You paste in your CREATE TABLE statements and it generates an interactive ER diagram right in the browser. You can drag tables around, auto arrange the layout, edit table/column names directly on the canvas (it rewrites the SQL for you), add notes and group boxes, and export as PNG or SVG.
No backend, no accounts, no data leaving your machine.
A few implementation details that were fun:
* Built on <canvas> instead of DOM/SVG. Tables are rasterized into cached bitmaps with viewport culling, which keeps things smooth even with hundreds of tables on screen.
* The SQL parser tracks source spans for every token. That lets edits stay surgical so a rename a table and only the relevant identifier (and its references) change while comments and formatting remain untouched.
* The URL contains the entire schema. Sharing simply serializes the schema into the URL itself, so there's no backend, no stored state, and no account required.

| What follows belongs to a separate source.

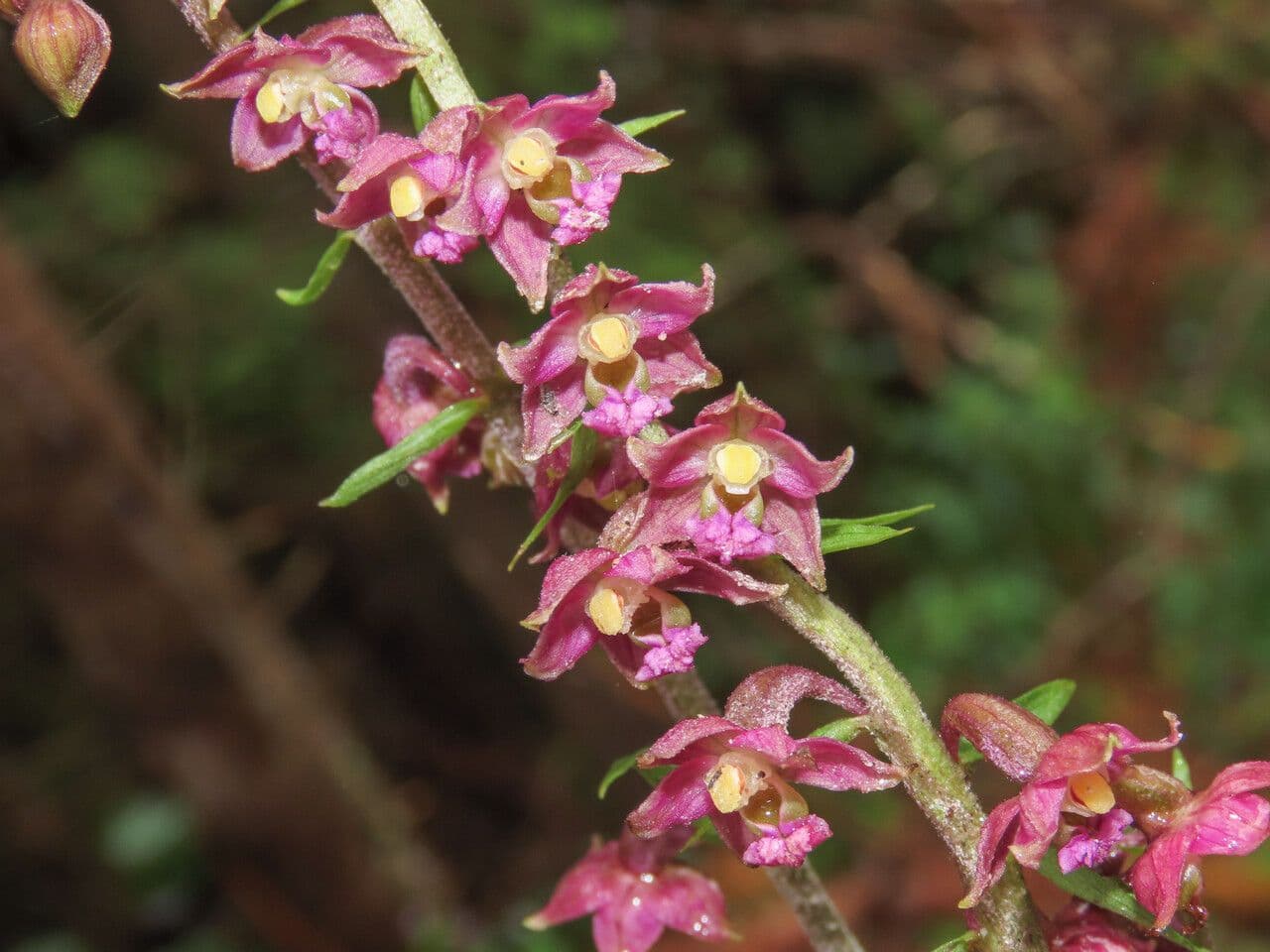 Elleborine violacea 7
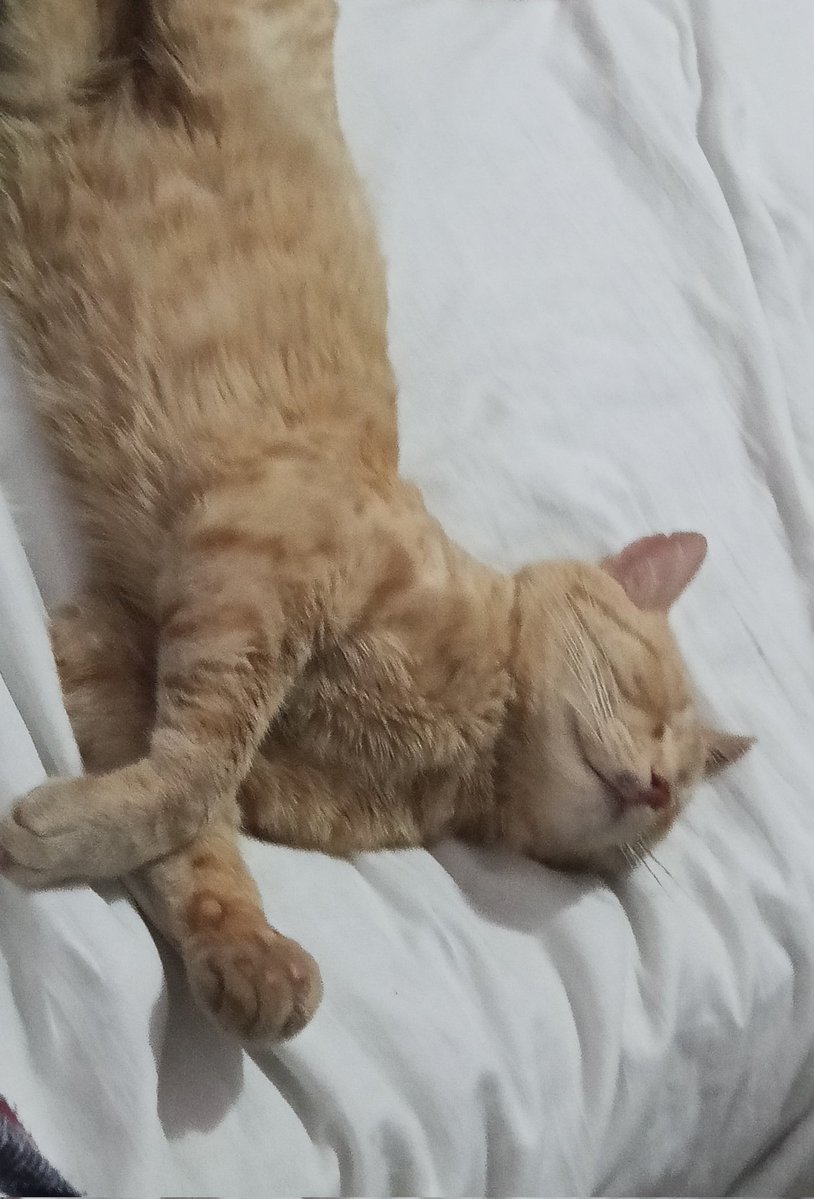 ▄︻デ𝐌𝐞𝐥𝐥𝐲══━一 tweet media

* I also experimented with a Rust/WASM version because why not? but the parser was ~37% slower because the JS↔WASM boundary cost outweighed the compute savings but The O(n^2) overlap-resolution pass was about 2.2x faster though * In the end I stuck with plain JavaScript. No framework ~32KB gzipped
It's a small too nothing great I just figured others might find it useful too.
Comment by dickiedyce 3 days ago
(Only minor tweak one could suggest would be multiple table selection for dragging... but to quote Frasier: "Think about it, Niles. What's the one thing better than an exquisite meal? An exquisite meal, with one tiny flaw we can pick at all night." Niles, raising a glass: "Ah, of course, to impossible standards.")
Comment by freeopinion 3 days ago
- Dragging a group should also drag the tables within the group.
- It would be nice to be able to drag relationship lines to reshape their curves around other tables.
But what is here now is so well crafted that it feels uncomfortable asking for features without acknowledging how impressive it already is.